DATA RECORDS: Begin

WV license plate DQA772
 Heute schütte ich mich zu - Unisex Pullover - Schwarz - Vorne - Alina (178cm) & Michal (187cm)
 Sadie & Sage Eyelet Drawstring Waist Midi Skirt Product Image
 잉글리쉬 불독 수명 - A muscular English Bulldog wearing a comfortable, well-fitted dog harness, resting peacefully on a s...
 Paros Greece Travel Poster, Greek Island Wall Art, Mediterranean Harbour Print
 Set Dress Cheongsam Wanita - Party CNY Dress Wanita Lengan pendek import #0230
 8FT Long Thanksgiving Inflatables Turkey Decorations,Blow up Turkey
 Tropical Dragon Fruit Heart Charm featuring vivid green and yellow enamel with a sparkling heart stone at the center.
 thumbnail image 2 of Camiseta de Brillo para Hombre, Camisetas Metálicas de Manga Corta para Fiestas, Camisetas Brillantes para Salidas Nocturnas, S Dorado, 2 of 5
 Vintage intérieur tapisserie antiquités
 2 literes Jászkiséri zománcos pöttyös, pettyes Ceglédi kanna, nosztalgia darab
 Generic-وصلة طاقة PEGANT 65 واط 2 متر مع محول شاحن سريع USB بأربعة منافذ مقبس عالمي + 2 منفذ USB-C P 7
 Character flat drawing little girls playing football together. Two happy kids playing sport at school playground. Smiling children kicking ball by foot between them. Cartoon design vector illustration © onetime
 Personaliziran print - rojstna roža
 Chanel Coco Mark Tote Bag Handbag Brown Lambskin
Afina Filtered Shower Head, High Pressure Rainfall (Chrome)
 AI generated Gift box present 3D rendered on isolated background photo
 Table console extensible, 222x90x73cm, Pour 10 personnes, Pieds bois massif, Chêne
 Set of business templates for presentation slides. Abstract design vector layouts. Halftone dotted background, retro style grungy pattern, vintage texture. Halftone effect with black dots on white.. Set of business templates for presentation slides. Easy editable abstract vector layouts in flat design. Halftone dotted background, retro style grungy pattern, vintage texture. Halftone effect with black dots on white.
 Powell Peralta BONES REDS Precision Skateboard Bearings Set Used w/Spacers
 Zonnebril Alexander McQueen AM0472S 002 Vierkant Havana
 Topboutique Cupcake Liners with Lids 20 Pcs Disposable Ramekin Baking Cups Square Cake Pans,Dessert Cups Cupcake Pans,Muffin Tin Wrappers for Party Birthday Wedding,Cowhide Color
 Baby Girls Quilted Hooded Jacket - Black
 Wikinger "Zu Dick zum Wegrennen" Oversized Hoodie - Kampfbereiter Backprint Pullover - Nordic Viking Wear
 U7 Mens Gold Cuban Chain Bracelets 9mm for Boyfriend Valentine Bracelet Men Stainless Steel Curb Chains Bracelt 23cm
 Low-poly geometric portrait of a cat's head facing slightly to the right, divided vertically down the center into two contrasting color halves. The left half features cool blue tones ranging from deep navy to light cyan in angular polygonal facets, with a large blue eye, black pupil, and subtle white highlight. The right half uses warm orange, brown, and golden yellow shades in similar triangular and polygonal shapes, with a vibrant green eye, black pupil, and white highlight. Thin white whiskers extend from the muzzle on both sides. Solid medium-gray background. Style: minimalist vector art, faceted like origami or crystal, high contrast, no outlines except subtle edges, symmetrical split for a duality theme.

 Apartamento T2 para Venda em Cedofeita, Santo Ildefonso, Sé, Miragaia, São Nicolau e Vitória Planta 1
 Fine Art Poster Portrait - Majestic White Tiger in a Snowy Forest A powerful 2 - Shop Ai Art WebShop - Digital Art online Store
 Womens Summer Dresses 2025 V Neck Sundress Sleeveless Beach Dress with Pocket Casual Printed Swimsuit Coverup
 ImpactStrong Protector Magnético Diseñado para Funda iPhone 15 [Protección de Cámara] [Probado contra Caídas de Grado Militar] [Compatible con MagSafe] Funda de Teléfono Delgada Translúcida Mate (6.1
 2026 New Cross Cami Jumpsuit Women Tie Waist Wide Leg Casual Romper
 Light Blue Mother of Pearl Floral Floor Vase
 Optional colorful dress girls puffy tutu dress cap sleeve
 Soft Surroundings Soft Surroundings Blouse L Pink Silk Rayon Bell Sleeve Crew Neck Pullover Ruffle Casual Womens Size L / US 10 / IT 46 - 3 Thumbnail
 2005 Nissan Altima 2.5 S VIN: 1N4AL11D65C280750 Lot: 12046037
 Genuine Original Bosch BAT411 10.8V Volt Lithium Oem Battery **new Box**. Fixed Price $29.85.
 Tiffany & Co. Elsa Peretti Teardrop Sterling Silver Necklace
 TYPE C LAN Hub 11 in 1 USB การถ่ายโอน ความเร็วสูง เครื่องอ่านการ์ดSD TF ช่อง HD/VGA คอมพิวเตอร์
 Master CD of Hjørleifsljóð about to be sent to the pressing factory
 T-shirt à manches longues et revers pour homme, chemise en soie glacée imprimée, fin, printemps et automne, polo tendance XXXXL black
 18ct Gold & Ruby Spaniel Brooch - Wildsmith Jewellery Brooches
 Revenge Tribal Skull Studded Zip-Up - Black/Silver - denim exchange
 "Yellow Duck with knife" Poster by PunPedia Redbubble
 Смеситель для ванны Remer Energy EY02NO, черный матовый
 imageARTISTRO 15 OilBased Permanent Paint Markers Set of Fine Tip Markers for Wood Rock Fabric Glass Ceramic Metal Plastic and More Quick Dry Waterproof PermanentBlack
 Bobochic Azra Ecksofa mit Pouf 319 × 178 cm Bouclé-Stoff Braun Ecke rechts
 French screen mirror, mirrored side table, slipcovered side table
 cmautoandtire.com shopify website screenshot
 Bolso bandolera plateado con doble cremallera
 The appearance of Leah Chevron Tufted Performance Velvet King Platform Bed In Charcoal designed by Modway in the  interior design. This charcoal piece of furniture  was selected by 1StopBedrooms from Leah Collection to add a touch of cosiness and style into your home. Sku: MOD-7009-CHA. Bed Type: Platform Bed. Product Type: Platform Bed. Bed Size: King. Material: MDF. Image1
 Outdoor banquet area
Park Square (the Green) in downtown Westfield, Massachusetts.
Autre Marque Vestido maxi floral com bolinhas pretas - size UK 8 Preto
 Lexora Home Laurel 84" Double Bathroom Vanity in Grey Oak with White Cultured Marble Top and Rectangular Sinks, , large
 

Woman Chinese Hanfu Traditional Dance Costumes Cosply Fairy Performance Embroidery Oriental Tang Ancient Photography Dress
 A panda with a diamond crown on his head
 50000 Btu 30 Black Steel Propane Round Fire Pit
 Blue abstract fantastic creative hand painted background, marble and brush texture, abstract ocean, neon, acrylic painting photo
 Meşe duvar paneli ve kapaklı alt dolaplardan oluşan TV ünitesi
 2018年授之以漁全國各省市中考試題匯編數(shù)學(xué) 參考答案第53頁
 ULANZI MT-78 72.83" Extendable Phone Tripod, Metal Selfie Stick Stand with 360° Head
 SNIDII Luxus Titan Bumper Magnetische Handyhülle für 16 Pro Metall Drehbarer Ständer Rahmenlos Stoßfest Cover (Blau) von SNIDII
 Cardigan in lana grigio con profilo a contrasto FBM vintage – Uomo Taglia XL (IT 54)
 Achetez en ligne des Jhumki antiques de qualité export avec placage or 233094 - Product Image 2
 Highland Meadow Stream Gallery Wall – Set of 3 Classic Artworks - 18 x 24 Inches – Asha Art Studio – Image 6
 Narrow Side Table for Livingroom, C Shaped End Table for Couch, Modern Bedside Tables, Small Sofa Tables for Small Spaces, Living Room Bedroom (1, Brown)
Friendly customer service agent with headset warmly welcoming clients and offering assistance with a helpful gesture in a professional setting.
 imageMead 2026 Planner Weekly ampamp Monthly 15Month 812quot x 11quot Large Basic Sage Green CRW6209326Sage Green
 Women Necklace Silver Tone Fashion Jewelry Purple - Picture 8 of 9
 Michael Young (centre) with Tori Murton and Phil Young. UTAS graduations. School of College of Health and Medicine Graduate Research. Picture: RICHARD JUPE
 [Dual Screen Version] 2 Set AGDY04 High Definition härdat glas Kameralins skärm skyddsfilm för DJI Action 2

DATA RECORDS: End

DESCRIPTION OF THE TASK: Up to and including the line with "8FT Long Thanksgiving", please return the records exactly, beginning from their first line.

RESPONSE BELOW:
WV license plate DQA772
 Heute schütte ich mich zu - Unisex Pullover - Schwarz - Vorne - Alina (178cm) & Michal (187cm)
 Sadie & Sage Eyelet Drawstring Waist Midi Skirt Product Image
 잉글리쉬 불독 수명 - A muscular English Bulldog wearing a comfortable, well-fitted dog harness, resting peacefully on a s...
 Paros Greece Travel Poster, Greek Island Wall Art, Mediterranean Harbour Print
 Set Dress Cheongsam Wanita - Party CNY Dress Wanita Lengan pendek import #0230
 8FT Long Thanksgiving Inflatables Turkey Decorations,Blow up Turkey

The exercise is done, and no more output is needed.